* _What you are asked to do_
Omitting all pictures, copy word for word the lines from the line containing "CAT D8T 履带式推土机" through the final line of the entries.

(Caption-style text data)
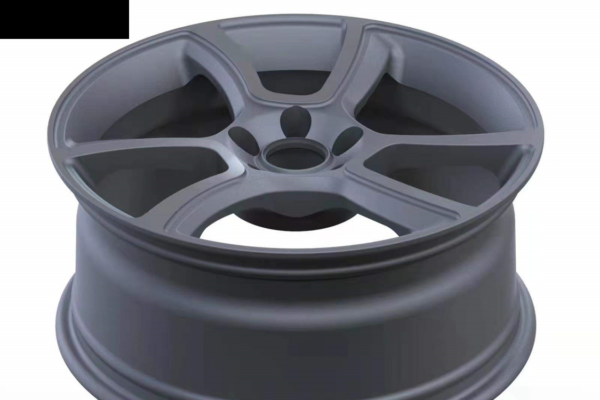 ESQS Forged 3-spoke twin TX concave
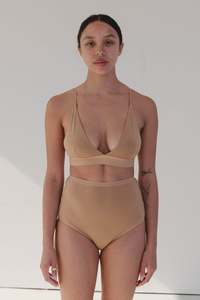 Baserange: Baserange - Triangle Bra - Aural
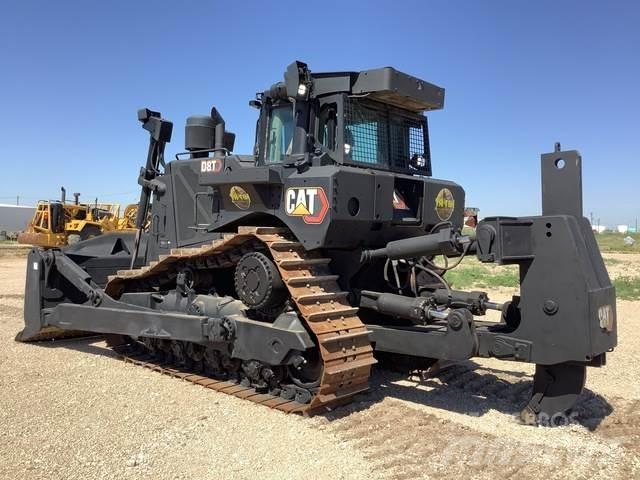 CAT D8T 履带式推土机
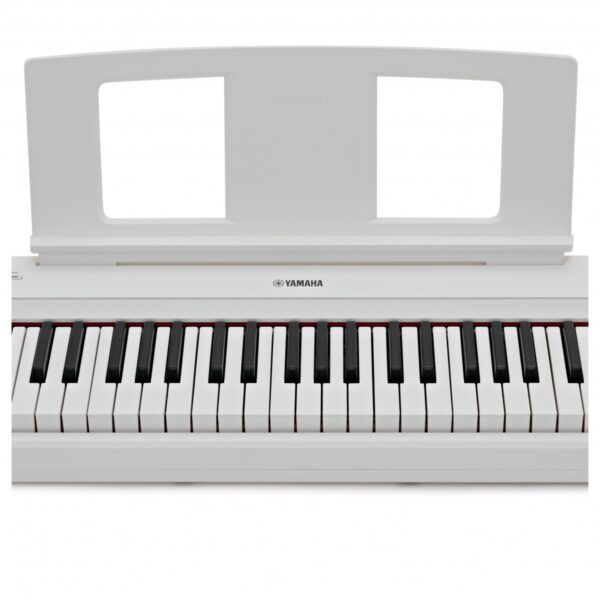 Yamaha Piaggero NP15 Portable Digital Piano White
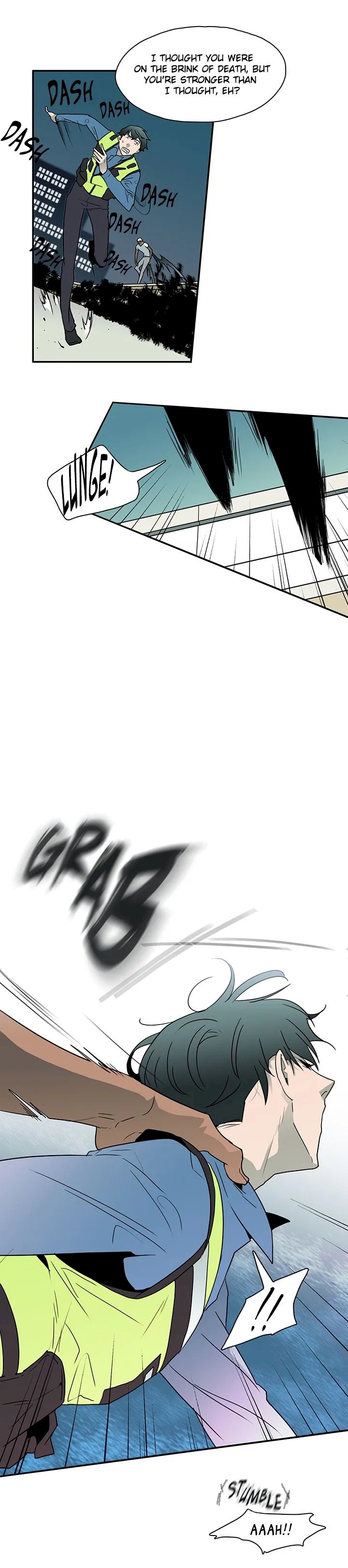 Dear Door - Chapter 6 [photo 10] - MangaPorn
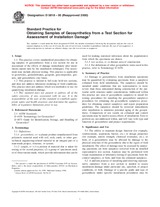 ASTM D5818-95(2000) (1.1.2000)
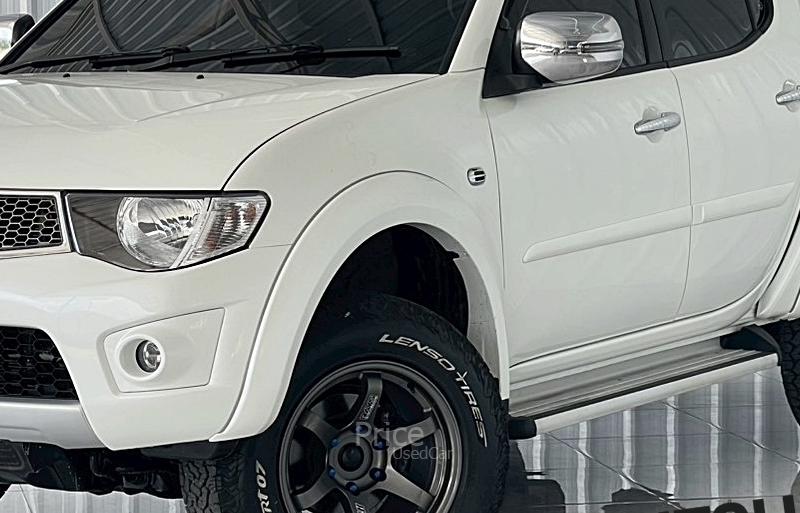 รถกระบะมือสอง MITSUBISHI TRITON รถปี 2015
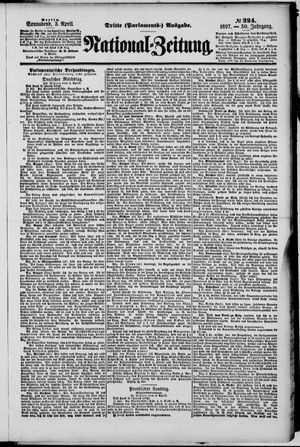 National-Zeitung vom 03.04.1897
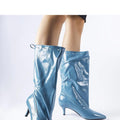  Heel boots model 204742 Solea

* _Final answer_
 CAT D8T 履带式推土机
 Yamaha Piaggero NP15 Portable Digital Piano White
 Dear Door - Chapter 6 [photo 10] - MangaPorn
 ASTM D5818-95(2000) (1.1.2000)
 รถกระบะมือสอง MITSUBISHI TRITON รถปี 2015
 National-Zeitung vom 03.04.1897
  Heel boots model 204742 Solea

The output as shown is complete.